The business case is often attractive since much of the existing power production infrastructure can be used. Demand for hydrogen-based power is projected to rise tremendously over the next decade.
Let hydrogen carry the energy
Energy is critical for maintaining and developing industrialized societies, and hydrogen and especially its derivative, ammonia, are ideal energy carriers to store and transport energy from one place to another.
There are several ways to transport the hydrogen and the all-important energy. By road or train or in pipelines up to distances of approximately 1,000 km and simple to transport within borders.
With hydrogens ability to deliver and store large amounts of energy it has the potential to become a preferred carbon-free energy carrier in the future net-zero energy system.
A new, clean feedstock for heavy industries
Blue hydrogen is an excellent enabler for decarbonizing heavy industries like refineries, petrochemical plants, ammonia plants, steel, cement production, etc. Their manufacturing processes can change for the better, with clean hydrogen being the potential game-changer. For example, replacing fuel gas with hydrogen for heat generation will contribute tremendously to reducing CO2 emissions.

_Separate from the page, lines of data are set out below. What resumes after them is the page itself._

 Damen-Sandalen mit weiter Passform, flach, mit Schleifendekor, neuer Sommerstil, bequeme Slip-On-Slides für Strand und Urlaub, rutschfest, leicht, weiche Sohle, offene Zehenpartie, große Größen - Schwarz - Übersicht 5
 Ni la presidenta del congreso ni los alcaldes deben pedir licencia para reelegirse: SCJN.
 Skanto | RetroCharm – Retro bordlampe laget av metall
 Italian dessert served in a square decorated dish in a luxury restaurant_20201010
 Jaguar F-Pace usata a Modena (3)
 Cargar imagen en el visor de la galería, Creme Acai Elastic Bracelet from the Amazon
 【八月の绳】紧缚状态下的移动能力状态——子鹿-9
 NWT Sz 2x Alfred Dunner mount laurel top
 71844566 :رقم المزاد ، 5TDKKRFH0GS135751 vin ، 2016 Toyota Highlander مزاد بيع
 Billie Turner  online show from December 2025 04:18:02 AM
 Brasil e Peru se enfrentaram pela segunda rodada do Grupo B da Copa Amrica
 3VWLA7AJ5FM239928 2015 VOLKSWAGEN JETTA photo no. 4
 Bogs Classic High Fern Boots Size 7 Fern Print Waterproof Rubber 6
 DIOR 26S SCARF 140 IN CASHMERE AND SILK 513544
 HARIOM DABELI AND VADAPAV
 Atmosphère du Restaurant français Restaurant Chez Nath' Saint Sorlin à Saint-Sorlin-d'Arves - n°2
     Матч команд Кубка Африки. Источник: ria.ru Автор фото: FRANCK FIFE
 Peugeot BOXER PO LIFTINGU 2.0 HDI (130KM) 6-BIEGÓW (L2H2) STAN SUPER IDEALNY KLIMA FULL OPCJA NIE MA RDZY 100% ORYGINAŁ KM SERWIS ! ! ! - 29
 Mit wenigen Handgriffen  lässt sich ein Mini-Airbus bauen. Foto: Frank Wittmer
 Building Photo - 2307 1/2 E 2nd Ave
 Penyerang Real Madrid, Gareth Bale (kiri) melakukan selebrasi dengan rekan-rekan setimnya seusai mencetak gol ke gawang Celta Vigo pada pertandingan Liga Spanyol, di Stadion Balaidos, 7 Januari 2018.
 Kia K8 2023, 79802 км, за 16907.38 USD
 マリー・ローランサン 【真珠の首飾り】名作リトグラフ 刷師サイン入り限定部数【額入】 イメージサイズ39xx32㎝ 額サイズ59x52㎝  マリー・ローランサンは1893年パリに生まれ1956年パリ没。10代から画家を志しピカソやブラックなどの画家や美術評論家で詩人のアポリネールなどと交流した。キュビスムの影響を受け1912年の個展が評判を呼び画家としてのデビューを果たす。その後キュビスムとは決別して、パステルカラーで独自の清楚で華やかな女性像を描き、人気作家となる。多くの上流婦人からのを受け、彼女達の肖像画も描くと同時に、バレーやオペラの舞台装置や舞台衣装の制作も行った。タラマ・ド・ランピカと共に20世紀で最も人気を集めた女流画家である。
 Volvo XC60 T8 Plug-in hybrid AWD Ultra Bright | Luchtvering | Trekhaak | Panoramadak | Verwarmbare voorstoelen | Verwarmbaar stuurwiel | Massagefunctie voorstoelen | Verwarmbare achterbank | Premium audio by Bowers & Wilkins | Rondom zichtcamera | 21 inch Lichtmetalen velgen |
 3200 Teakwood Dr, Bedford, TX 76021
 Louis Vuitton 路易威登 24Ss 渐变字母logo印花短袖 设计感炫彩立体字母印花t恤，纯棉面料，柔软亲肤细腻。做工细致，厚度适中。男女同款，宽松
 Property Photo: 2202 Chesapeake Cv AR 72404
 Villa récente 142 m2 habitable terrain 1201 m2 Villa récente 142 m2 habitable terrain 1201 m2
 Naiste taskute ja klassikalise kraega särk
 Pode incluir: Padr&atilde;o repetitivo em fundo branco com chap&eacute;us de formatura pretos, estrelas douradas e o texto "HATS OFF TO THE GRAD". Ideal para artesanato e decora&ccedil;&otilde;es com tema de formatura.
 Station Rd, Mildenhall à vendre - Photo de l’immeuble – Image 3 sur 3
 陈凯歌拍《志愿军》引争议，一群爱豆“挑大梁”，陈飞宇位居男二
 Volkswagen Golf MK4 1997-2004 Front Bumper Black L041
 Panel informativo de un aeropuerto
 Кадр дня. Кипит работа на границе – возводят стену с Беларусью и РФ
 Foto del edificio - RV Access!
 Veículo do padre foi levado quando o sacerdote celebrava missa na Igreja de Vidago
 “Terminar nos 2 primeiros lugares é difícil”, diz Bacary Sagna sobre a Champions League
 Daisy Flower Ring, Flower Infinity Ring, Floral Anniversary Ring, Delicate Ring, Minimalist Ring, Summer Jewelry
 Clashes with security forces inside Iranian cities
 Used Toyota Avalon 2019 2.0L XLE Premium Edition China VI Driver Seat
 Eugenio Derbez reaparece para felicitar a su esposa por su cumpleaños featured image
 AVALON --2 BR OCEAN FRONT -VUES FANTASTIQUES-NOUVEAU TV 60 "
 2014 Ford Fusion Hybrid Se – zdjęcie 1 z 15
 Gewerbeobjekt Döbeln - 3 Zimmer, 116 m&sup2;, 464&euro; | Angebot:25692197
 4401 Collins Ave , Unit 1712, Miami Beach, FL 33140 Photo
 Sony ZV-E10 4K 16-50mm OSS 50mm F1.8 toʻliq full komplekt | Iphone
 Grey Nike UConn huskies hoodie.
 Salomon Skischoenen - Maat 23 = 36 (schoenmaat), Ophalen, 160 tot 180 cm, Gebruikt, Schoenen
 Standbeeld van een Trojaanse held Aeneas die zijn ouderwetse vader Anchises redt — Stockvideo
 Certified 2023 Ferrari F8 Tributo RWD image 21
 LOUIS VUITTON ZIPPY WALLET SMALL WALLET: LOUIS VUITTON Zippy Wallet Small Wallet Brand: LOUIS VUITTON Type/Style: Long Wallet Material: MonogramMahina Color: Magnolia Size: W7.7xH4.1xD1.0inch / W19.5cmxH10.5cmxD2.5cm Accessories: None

Hydrogen is also very efficient for fueling high-temperature industrial processes needed for producing products like steel and cement. And if the hydrogen is manufactured and carbon is captured at the same site as the end-product, the environmental and economic benefit is huge. According to a report from the International Energy Agency it sees CCS contributing up to 55 percent of potential emissions reductions in the industry by 2050.
Let’s act today
Major countries, regions, and organizations already have hydrogen strategies in place and all the new applications for hydrogen will undoubtedly spur the demand to far more than what is currently supplied. In fact, the International Energy Agency's 2030 forecast points to the need for more than 200Mt hydrogen meaning that expanding the hydrogen production capacity is vital to efficiently play a role in the energy transition.
Here is the good news: The technologies to produce the blue hydrogen at scale are ready. Let’s partner to take the lowest energy route to ultra-low carbon intensity hydrogen and bring the emissions down.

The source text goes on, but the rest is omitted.